Margaret-Mary Sulentic Dowell, PhD, holds the Cecil "Pete" Taylor Endowed Professor of Literacy, Leadership, and Urban Education
– School of Education – Louisiana State University, Baton Rouge, is Director of the LSU Writing Project and Coordinator of the PhD program in Educational Leadership.
Her research agenda focuses broadly on literacy issues in urban settings.
Sulentic Dowell is a career educator, a National Board Certified Teacher, and fierce public education advocate, spending the majority of her 20-year public school teaching experience in the Waterloo, Iowa, Community Schools, but also possessing experience in northern Minnesota and southern
She most recently served public education as Assistant Superintendent, supervising 64 elementary campuses in the East Baton Rouge Parish School System in Louisiana (2002-2006).
In her 16 years at LSU-Baton Rouge, Sulentic Dowell has published widely has been nationally recognized for scholarship and teaching; she was awarded the “Light Up for Literacy” Award, Louisiana Endowment for the Humanities (2019).

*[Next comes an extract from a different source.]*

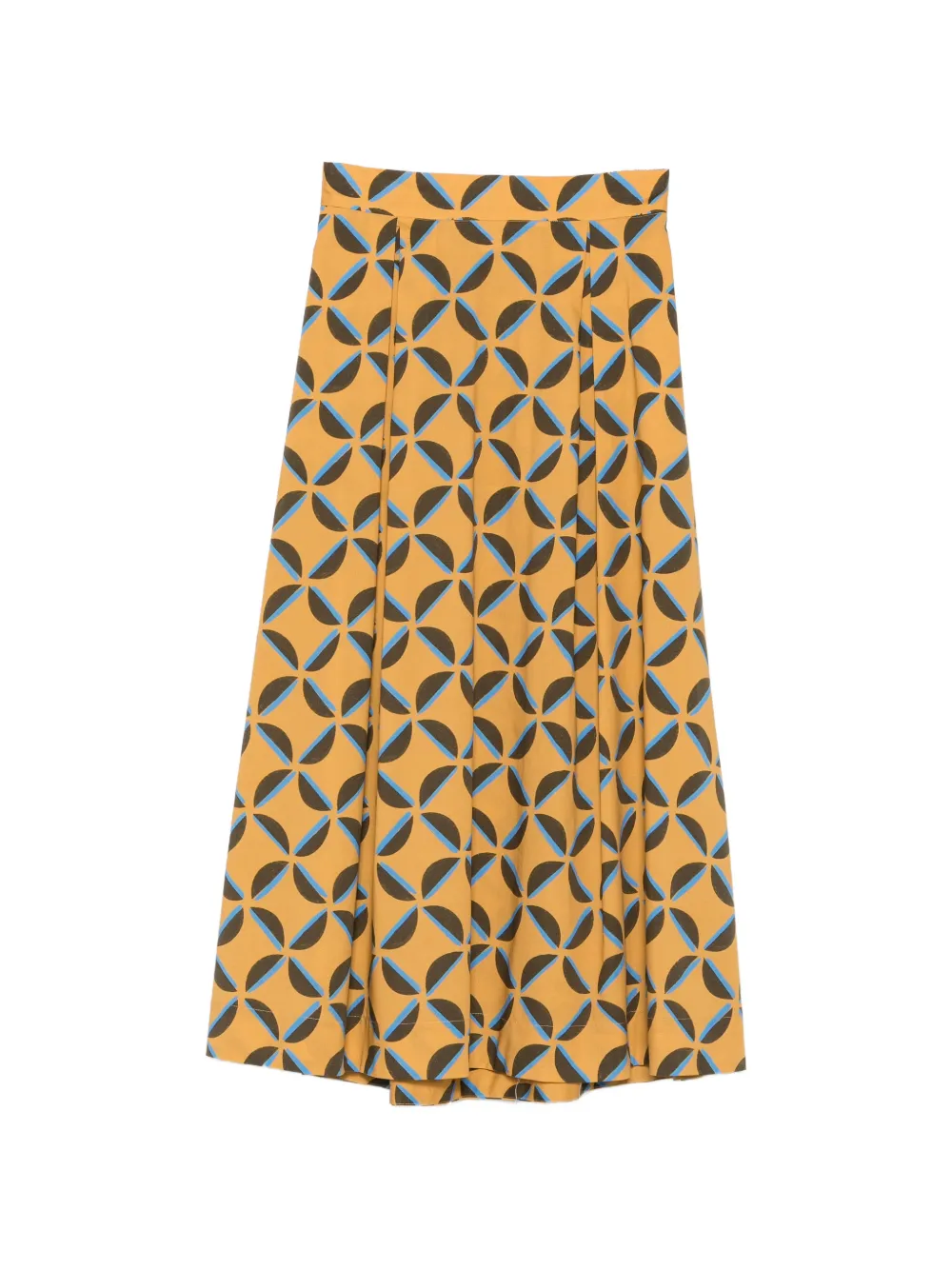 Niu geometric-print pleated skirt - Giallo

Her most recent book, coauthored with this team of Saal, Dicarlo, and Willingham is Productivity and Publishing: Writing processes for new scholars and researchers, published by SAGE.
Leah Katherine Saal, Ph.D. is an Associate Professor and Co-director of Literacy Graduate Programs at Loyola University Maryland.
She teaches graduate courses in literacy education, educational research, and program evaluation.
Saal is informed by her ongoing experiences teaching with and learning from families, adults, and communities in and out of school settings in urban areas.
Saal’s engaged scholarly agenda focuses on the intersection of literacy and social justice with a community literacy lens.
Community literacy is fraught with complexities and encompassing of multiple and evolving dimensions of diversity, including home literacies, social class, (dis)ability, identity, and race.
As a mixed methodologist, she uses quantitative and qualitative methods and a Freirean pedagogical stance to attempt to rigorously answer complex questions.
Her research includes two dovetailing strands.
In the first strand of her research, Saal focuses on the literacy skills and practices of adults and older students in and out of school settings.
In the second strand of her research, she investigates the preparation and support of literacy educator-leaders to work for social justice.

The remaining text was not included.